L’homme de Grand Soleil est un livre très dialogué où rocaille l'accent québécois. Est-ce un roman pour autant ? Sa forme ressemble davantage à un journal de bord et au moment de le refermer j'ai le sentiment d'avoir eu un conte entre les mains, ce qui est loin d'être un reproche.
Sans doute parce que la lecture est scandée par l'hymne grégorienne la plus célèbre qui découpe le texte en trois époques. Veni, creator Spiritus est la première. C'est le titre de l'oeuvre et elle signifie Viens Saint Esprit Créateur, ce qui est tout à fait d'actualité à quelques jours de la commémoration de la Pentecôte. Quiconque a un fond de culture catholique la reconnaitra dès les premières notes.
La deuxième partie, Mentes tuorum visita, est aussi la deuxième ligne de l'hymne et Imple superna gratia, la troisième et dernière.
On remarque souvent des locutions latines, par exemple In cauda venenum. L'allusion à Adam et Eve est nette page 102. Les propos à connotation religieuse, catholique mais pas que, ponctuent le récit. Le respect du Shabbat par son voisin est une sévère contrainte (p. 26) et il a bien de la chance que le médecin ne se soit pas converti car sinon qui effectuerait les tâches qu'il s'interdit de faire ce jour-là ? Les fanatiques ne sont jamais à une contradiction près, et tout est prétexte à Jacques Gaubil pour le souligner.
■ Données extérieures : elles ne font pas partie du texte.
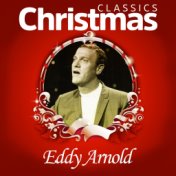 Classics Christmas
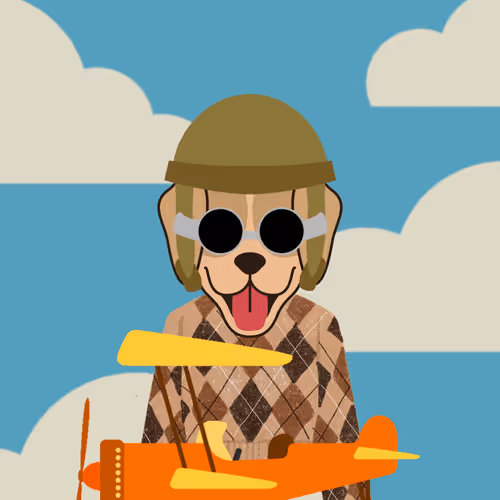 Item #47620432605896430933878289594376886579799924421315448285998676909704202944513 Media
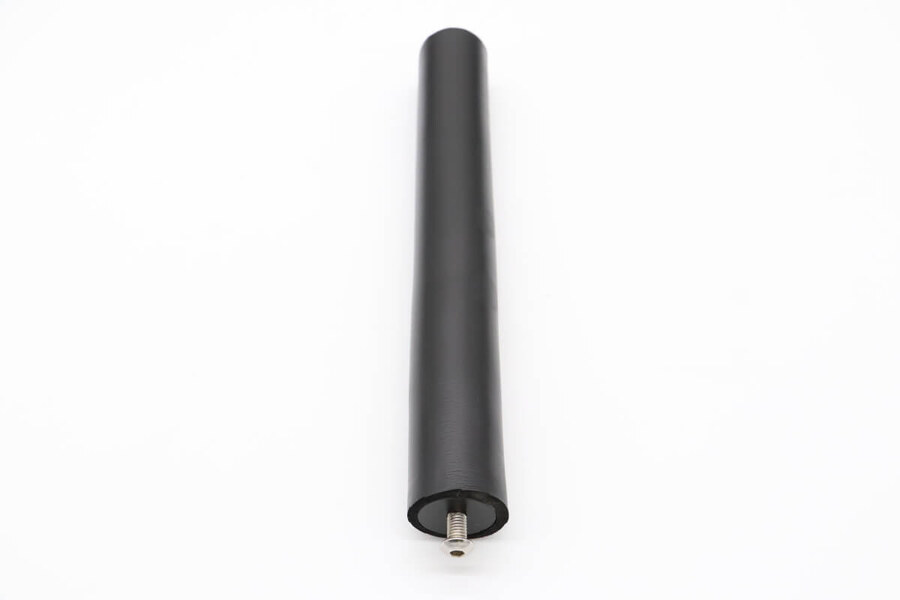 Maxima MTS5 – Hand houder · 09369285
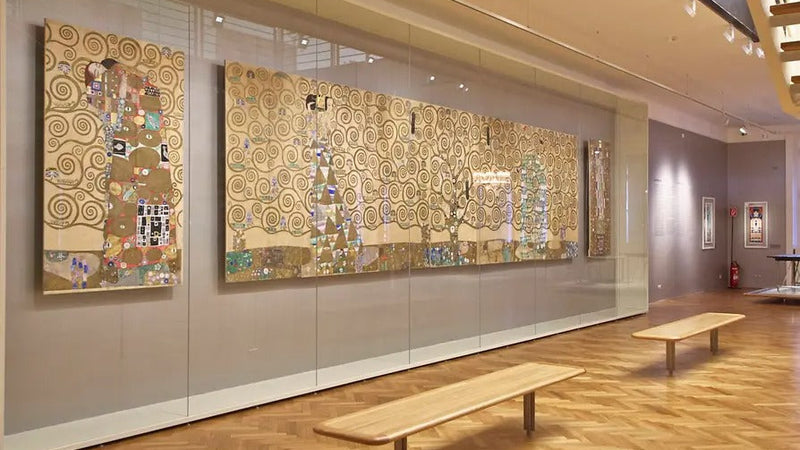 Museum of Applied Arts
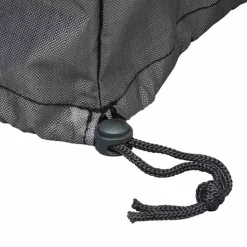 Schutzhülle Aero Cover für Lounge-Sets 235 x 235 x 70 cm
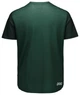 Велоджерсі чоловіче M's Motion Air SS Jersey, Pargasite Green (S) - изображение 2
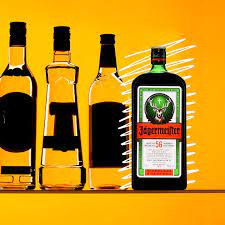 There are so many health benefits of drinking water. Jagermeister What It Is And How To Use It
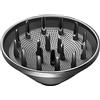 Chuancheng Diffusore per asciugacapelli Dyson Supersonic HD01, HD02, HD03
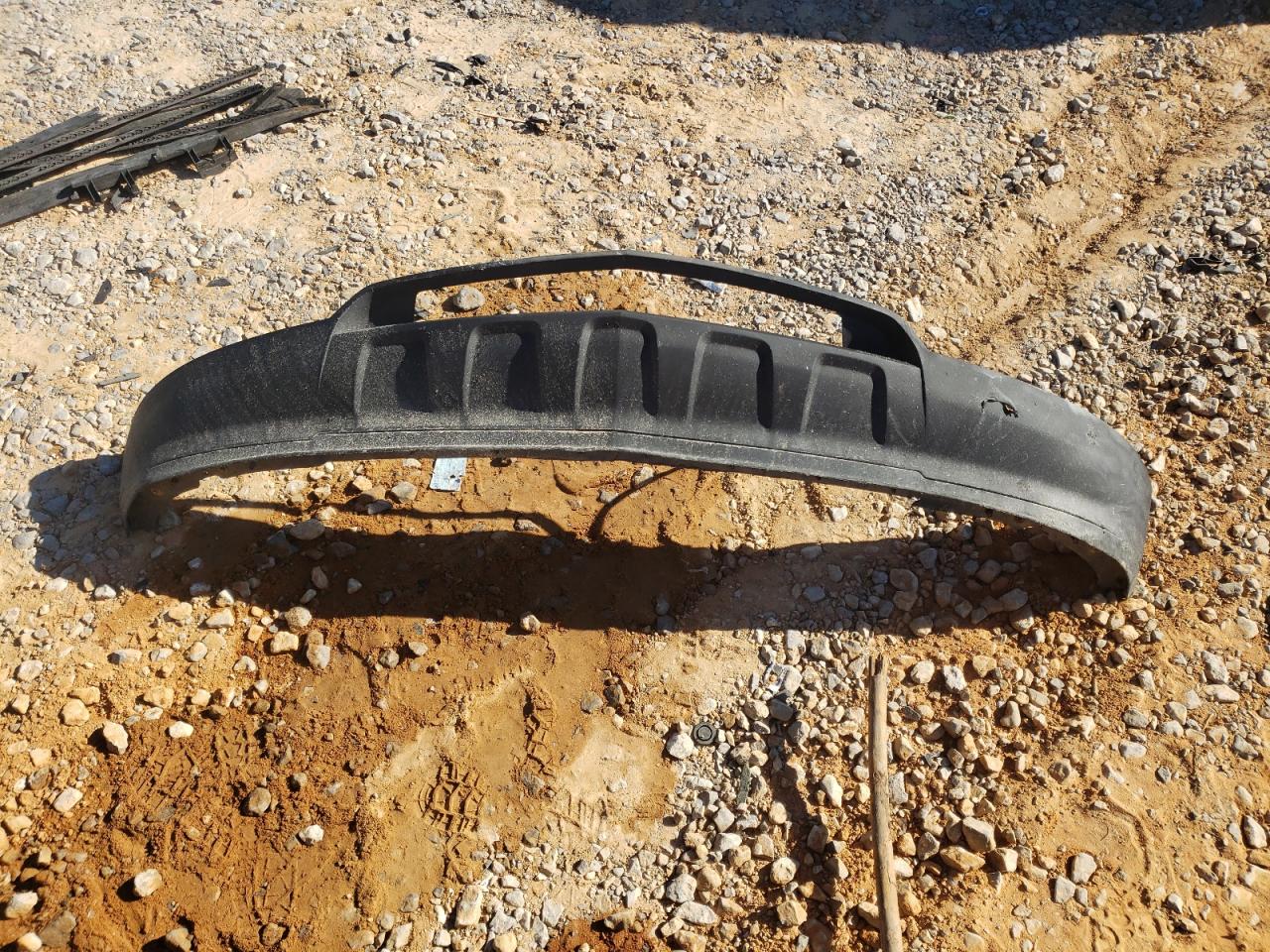 2014 Chevrolet Equinox Ls VIN: 2GNALAEKXE6351080 Lot: 82416925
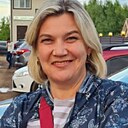 Знакомства: Татьяна, 47 лет, Набережные Челны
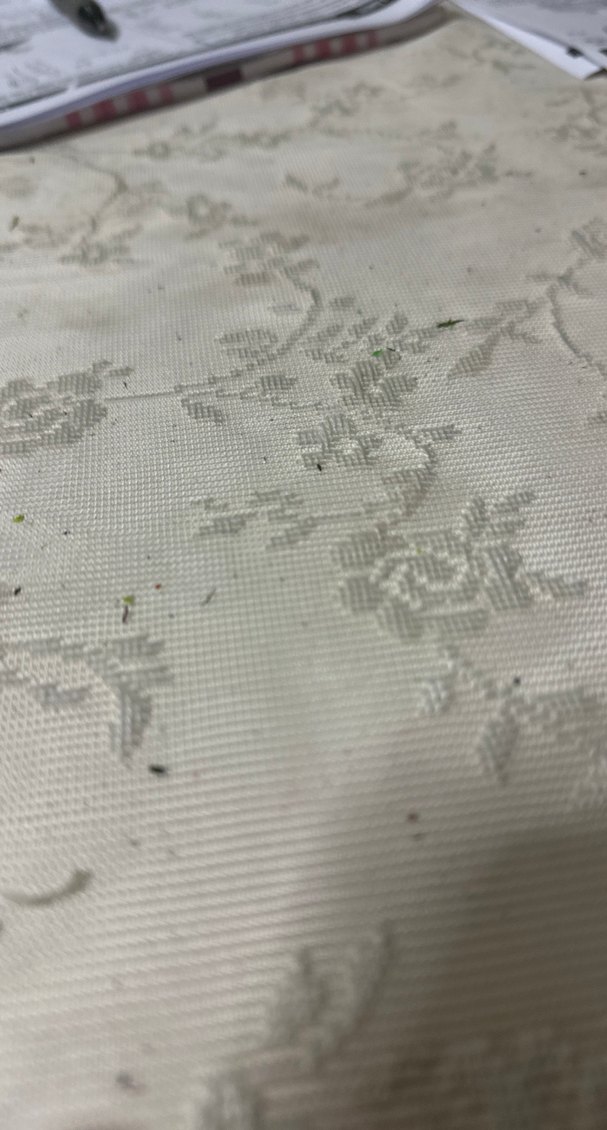 Penti Çocuk Nakışlı Sıcak panduf patik - Görsel 4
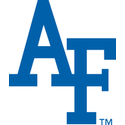 Air Force Falcons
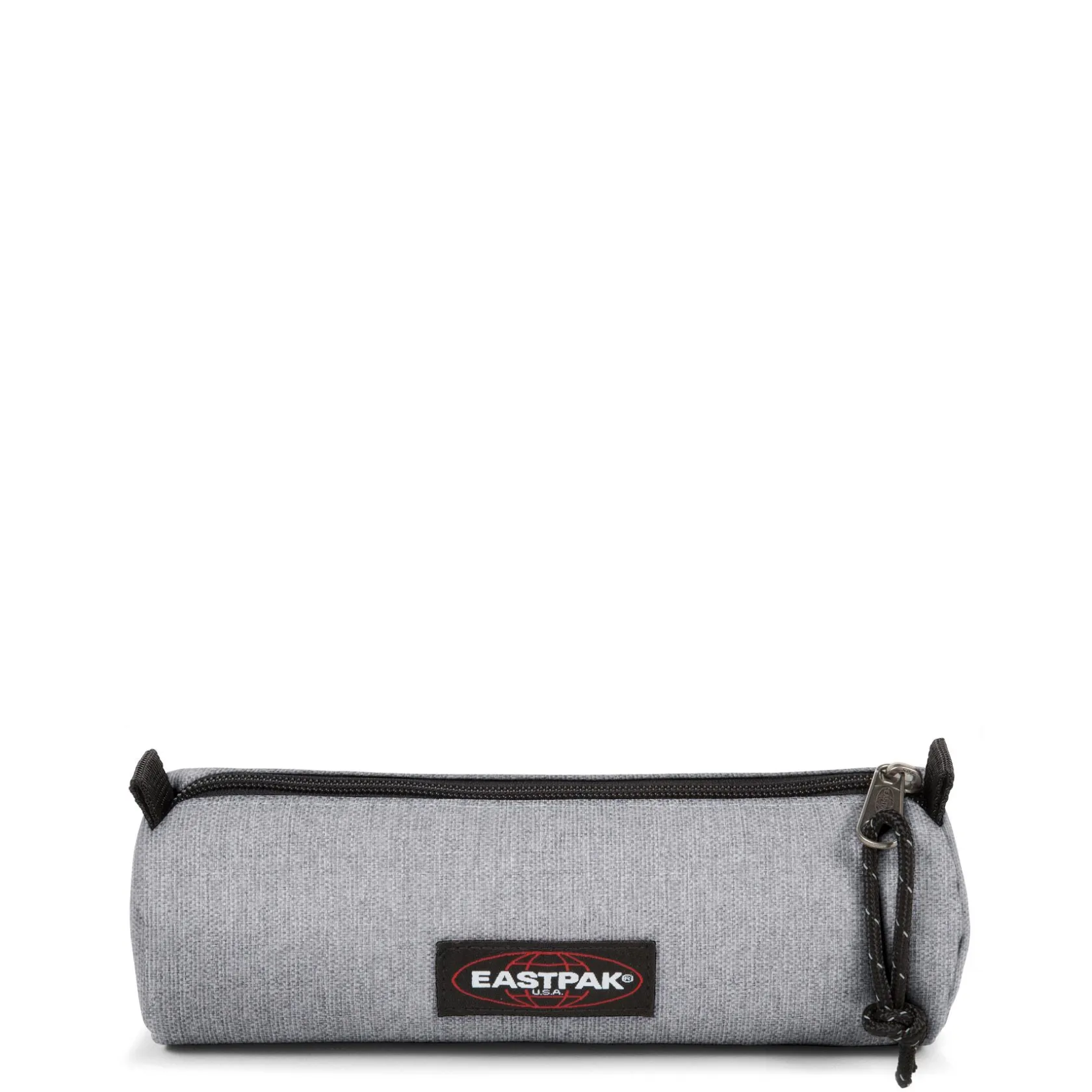 Eastpak School Accessoires | Pennenzakken>ROUND SundayGrey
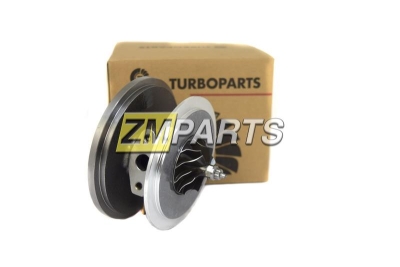 Картридж турбины Volkswagen Passat B6, Touran 2.0 Картридж турбины Volkswagen Passat B6, Touran 2.0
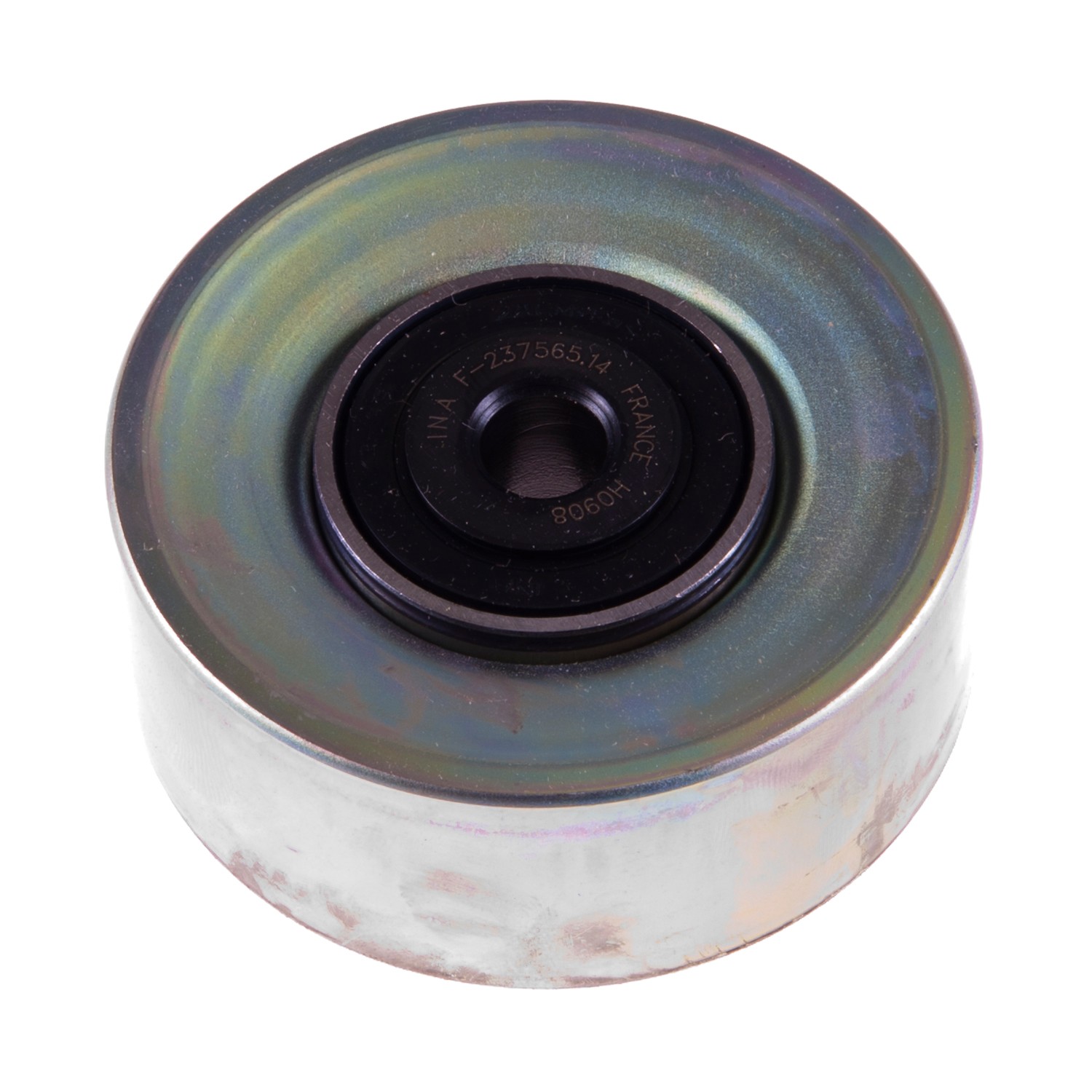 INA BDC FEAD pulley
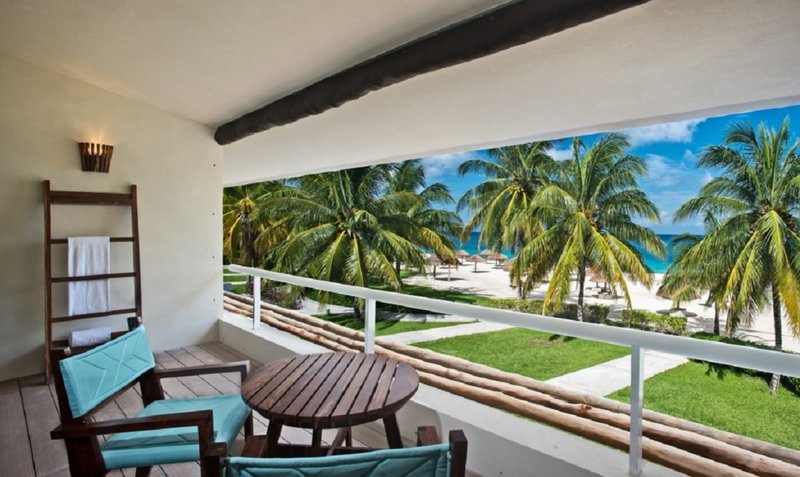 cozumel
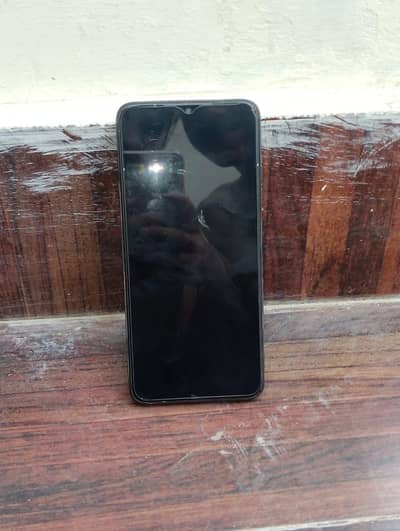 Tecno Spark 10C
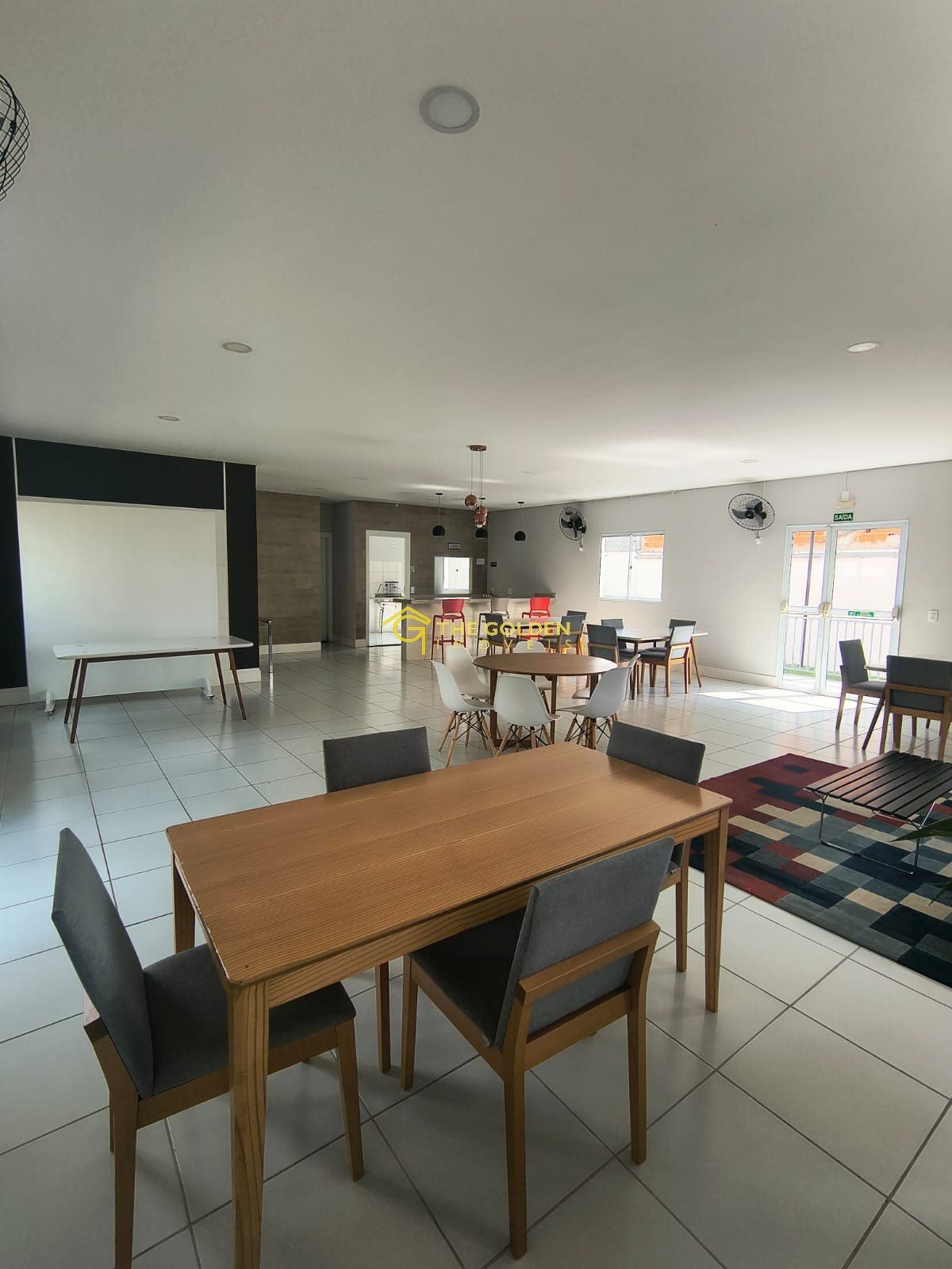 Apartamento, 2 quartos, 49 m² - Foto 30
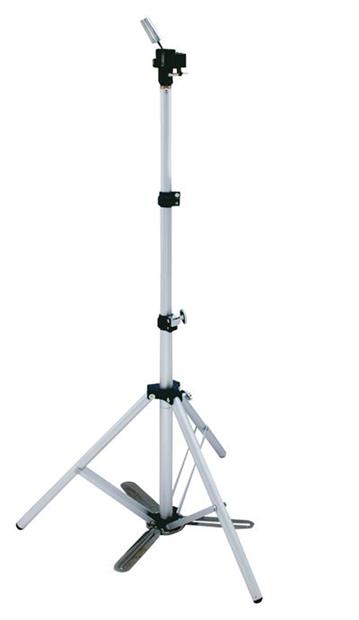 SOPORTE TRIPODE CABEZA MANIQUI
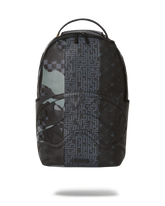 3AM THE TRILOGY BACKPACK (DLXV)
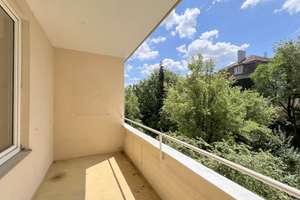 Riesige Wohnung in Toplage Maxvorstadt – Winzererstraße 32, 80797 Josephsplatz, München – Vorschaubild 9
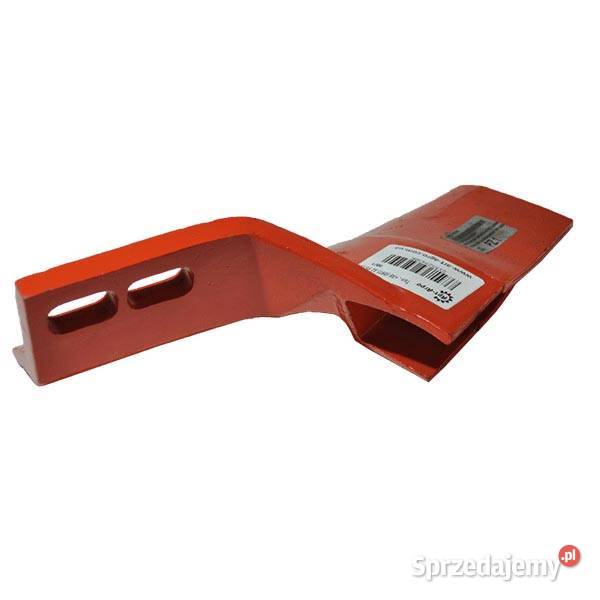 G15329430R Redlica Gaspardo lewa DP wąska
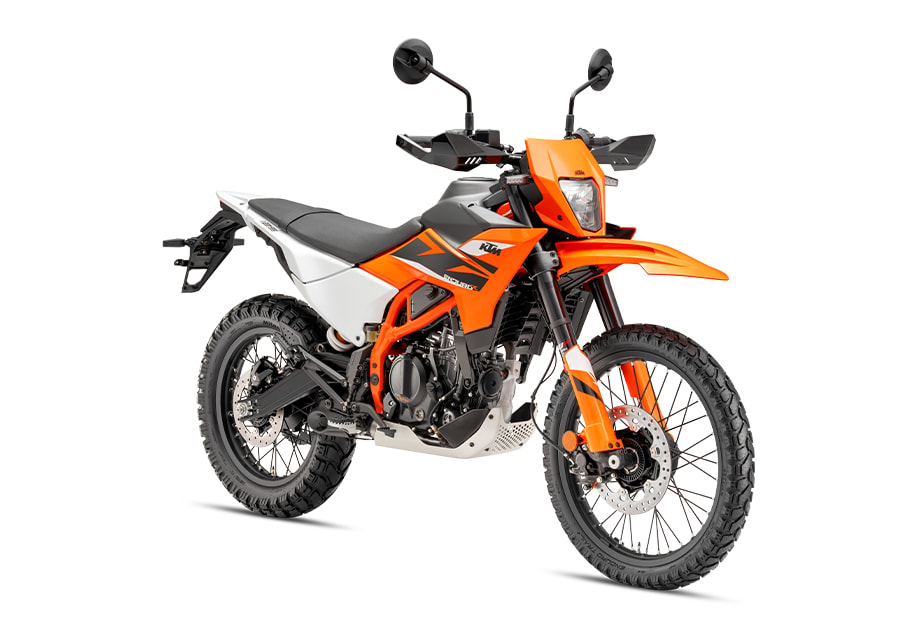 KTM 125 ENDURO R-showroom-element-1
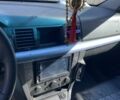 Синій Опель Вектра, об'ємом двигуна 2.2 л та пробігом 370 тис. км за 4100 $, фото 3 на Automoto.ua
L'auteur a un sens de l'humour très fin. Il en faut pour donner à son personnage principal la profession de médecin et l'affubler du patronyme de Leboucher. Le village où il se rend régulièrement se situe au nord du Québec, à l'endroit exact où l'immense forêt boréale canadienne a capitulé. La communauté est composée d'une quarantaine de maisons en bois, rouges ou blanches dans un sol gruyère avec des trous remplis d'eau. Nous sommes à Grand Soleil qui, comme son nom ne l'indique pas, est une région de grand froid et qui n'existe sur aucune carte (une de mes amies, québécoise, m'assure qu'il a été inventé pour l'occasion). Personnellement cela me réjouit que tout ait pu avoir été construit parce que l'histoire serait trop troublante si elle était authentique.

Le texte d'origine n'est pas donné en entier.